To lead in a new direction (out of the state of anxious culture) requires the kind of drive and motivation that appears to others to be out of balance. In this usage, “balance” is an epithet for the unwillingness to take the risk of stopping the emotional entropy that keeps the culture slipping into the quicksand of anxiety.

As Friedman states

…no one has gone from slavery to freedom with the slaveholders cheering them on, nor contributed significantly to the evolution of our species by working a 40-hour week, nor achieved any significant accomplishment by taking refuge in cynicism.” The resistance not only comes from the outside, it often comes from inside the leader as thoughts like “How can you have it right and everyone else be crazy?

4. Stamina in the face of sabotage along the way.

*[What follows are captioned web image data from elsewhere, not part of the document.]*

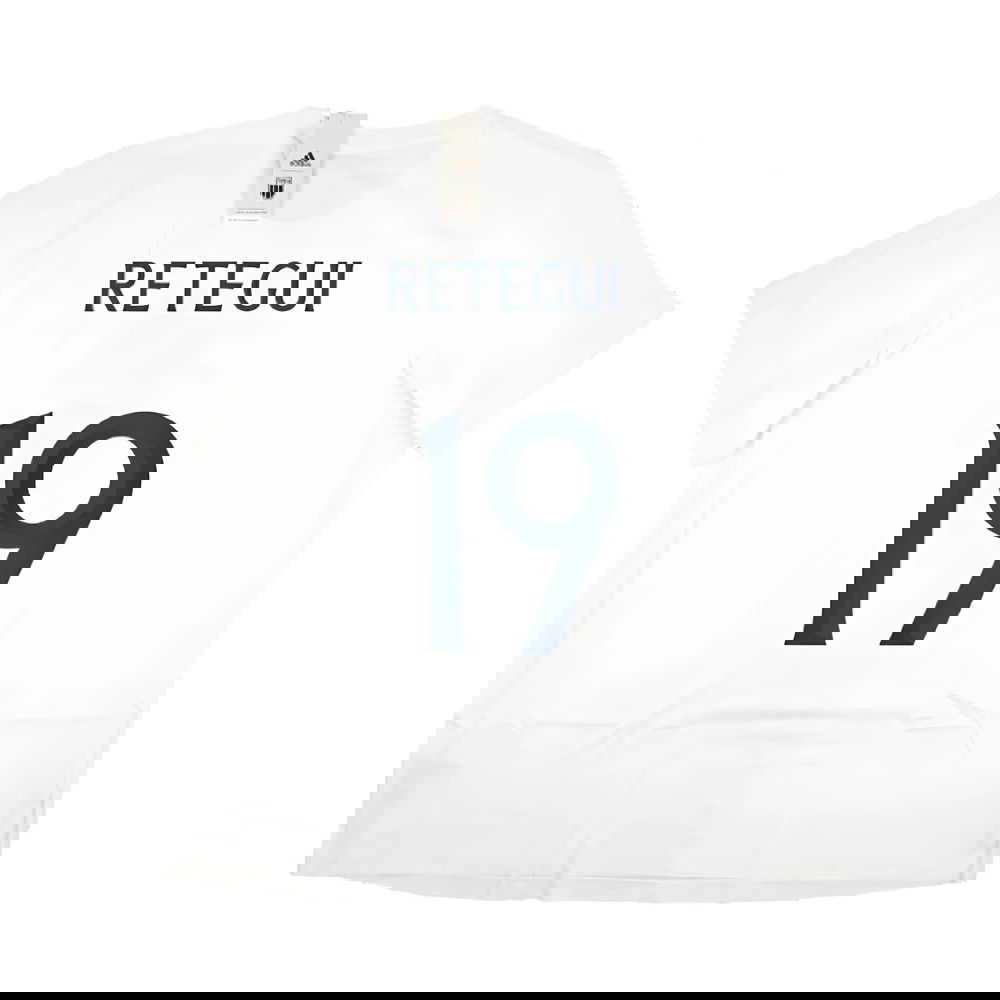 2023-2024 Italy DNA Graphic Tee (White) (RETEGUI 19)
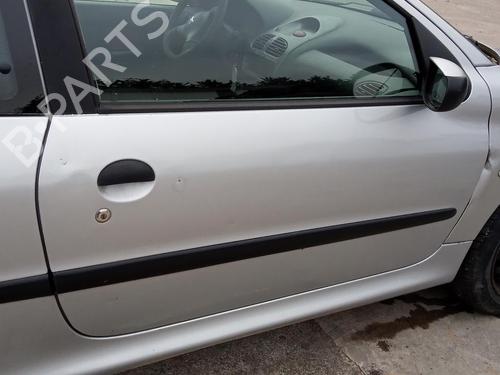Front right door window PEUGEOT 206 Hatchback (2A/C) 1.6 i 9202Q8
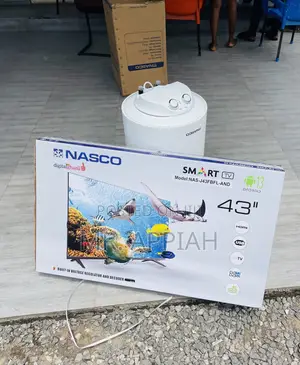 Classic Nasco 43 Inch Full Hd Screen Television(Black).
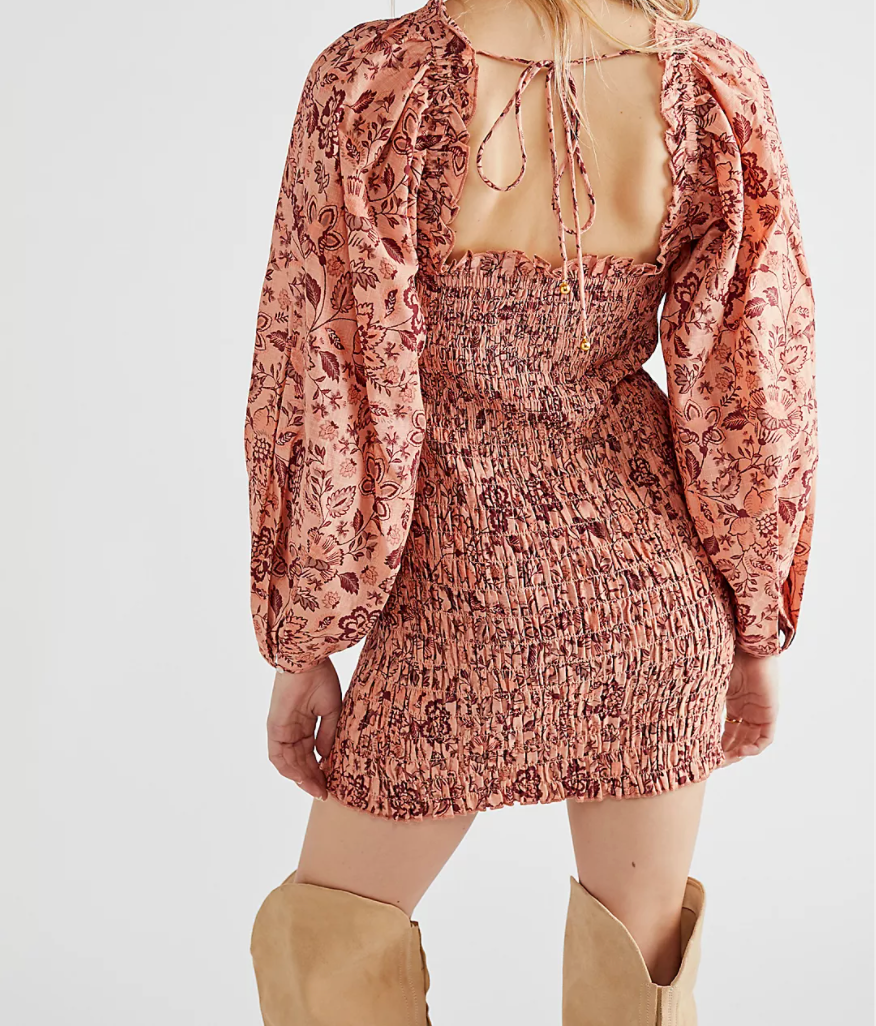 Smock it to Me Mini Dress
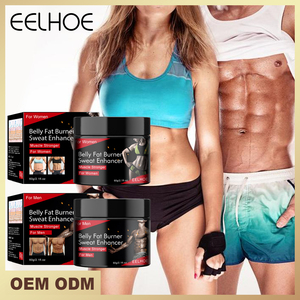 EELHOE Crème 100% naturelle pour renforcer les muscles, anti-cellulite, pour perdre du poids et brûler la graisse du <span class=keywords><strong>ventre</strong></span> - Product Image 2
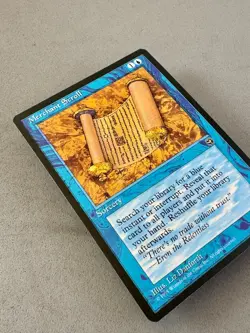 MTG-Merchant Scroll Homelands Regular-Unplayed NM-Vintage Magic the Gathering - Image 4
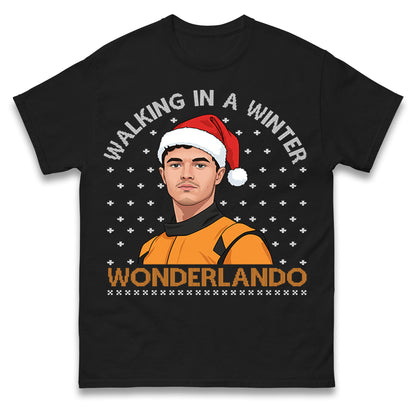 Lando Norris Christmas T Shirt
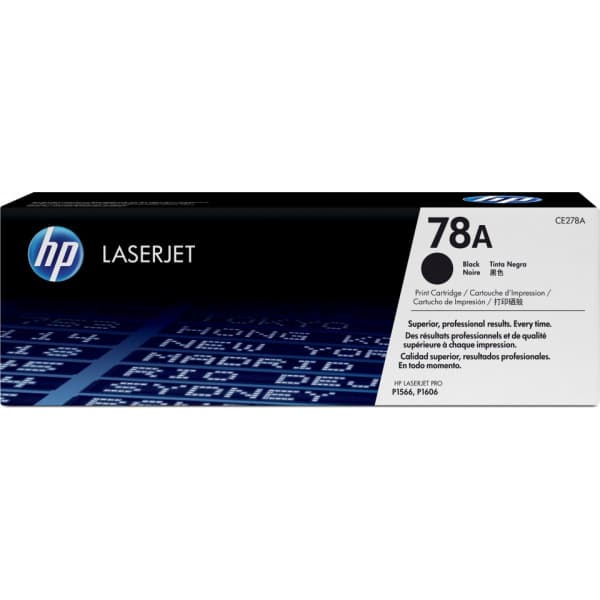 HP 78A -lasertonerpatron, svart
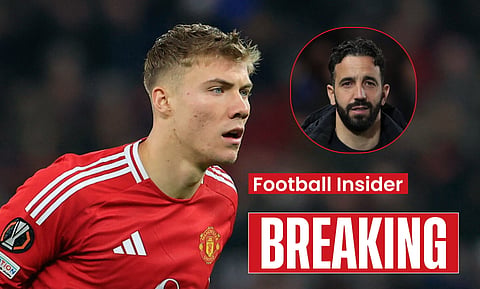 'Man United plan to accept £50m Rasmus Hojlund offer'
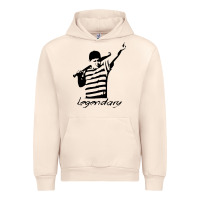 Sandshell legendary hambino Urban Hoodie - artisFamous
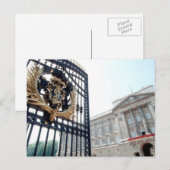 Buckingham Palace Briefkaart (Voorkant / Achterkant)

The key here is that there will be saboteurs who seek to undermine the efforts of the leader. Most leaders are aware and prepared for this. However, often this becomes an impediment when those who start out on the same team with the same passion and ownership of the vision as the leader eventually lose their nerve and mutiny. For every 10 leaders that can handle sabotage from enemies, only one will survive the sabotage of a friend or teammate without experiencing a failure of nerve.

5. Being headstrong and ruthless at least in the eyes of others.

Each of the explorers in the new world did not allow their relationships get in the way of the vision to which they were consumed. Friedman points out that these leaders did not manipulate or use others, but they were very clear in the priority in vision over relationship. In other words, when forced to choose between maintaining a relationship or completing the vision, each explorer stayed with his or her goals. They didn’t rationalize not accomplishing their goals for the sake of “team-building” or “not leaving anyone behind.”

Friedman gives an example from the life of Columbus, which personifies all five of these qualities. On the way to the Canaries, the Pinta’s rudder broke and the crew struggled to fix it. After waiting several days, Columbus felt that this whole incident was an attempt to sabotage his efforts. He sensed his colleagues’ will waning. He finally signaled that he was going on to the Canaries by himself and would wait for them there. He was prepared to go on alone, yet two days later, the Pinta arrived. Columbus was so focused on his goal that whether or not the ships could make a return trip was an afterthought. The objective was reaching his destination, no matter what.

Leadership is never easy and it is never finished. It is like a muscle that requires continual exercise to remain strong. My hope is to see more leaders who are willing to develop, maintain, and use this kind of strength to improve themselves and their organizations.